◆ **DATA RECORDS**
□ □ □ □
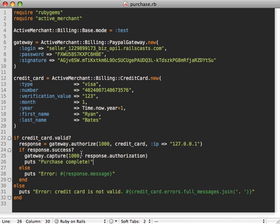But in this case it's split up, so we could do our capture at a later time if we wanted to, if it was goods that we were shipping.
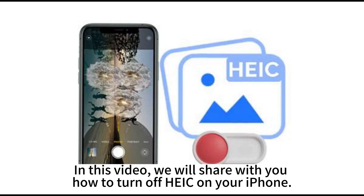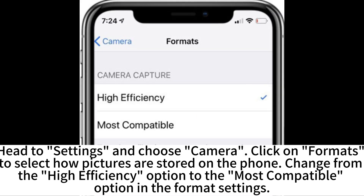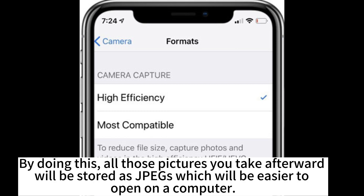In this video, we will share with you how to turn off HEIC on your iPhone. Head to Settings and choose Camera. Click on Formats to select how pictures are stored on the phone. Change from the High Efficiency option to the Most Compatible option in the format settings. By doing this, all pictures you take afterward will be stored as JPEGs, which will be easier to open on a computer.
□ □ □ □
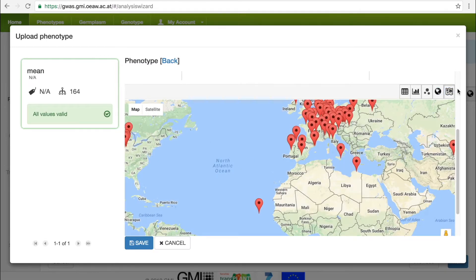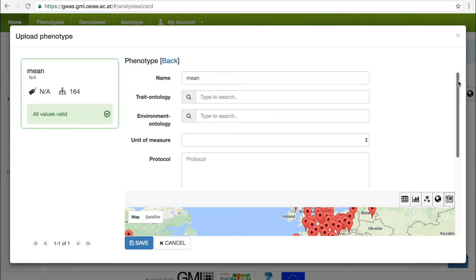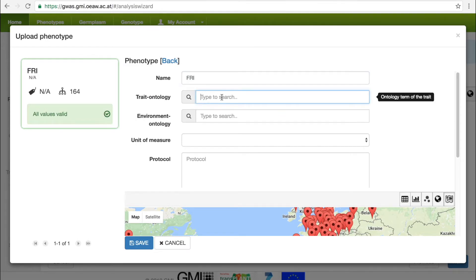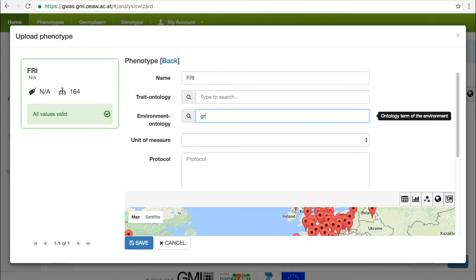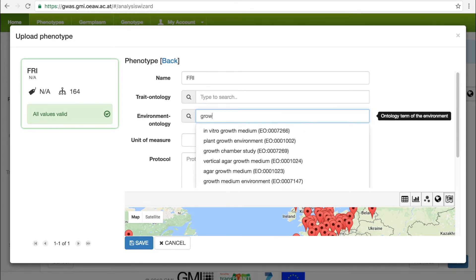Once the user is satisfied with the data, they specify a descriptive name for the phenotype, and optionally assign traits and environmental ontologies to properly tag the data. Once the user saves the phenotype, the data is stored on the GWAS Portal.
□ □ □ □
Given the records above, return the lines starting at the one that holds "But in this" and ending at the one that holds "In this video, we", exactly, and nothing besides; leave every picture out.

◆ **WRITTEN SOLUTION**
But in this case it's split up, so we could do our capture at a later time if we wanted to, if it was goods that we were shipping.
In this video, we will share with you how to turn off HEIC on your iPhone. Head to Settings and choose Camera. Click on Formats to select how pictures are stored on the phone. Change from the High Efficiency option to the Most Compatible option in the format settings. By doing this, all pictures you take afterward will be stored as JPEGs, which will be easier to open on a computer.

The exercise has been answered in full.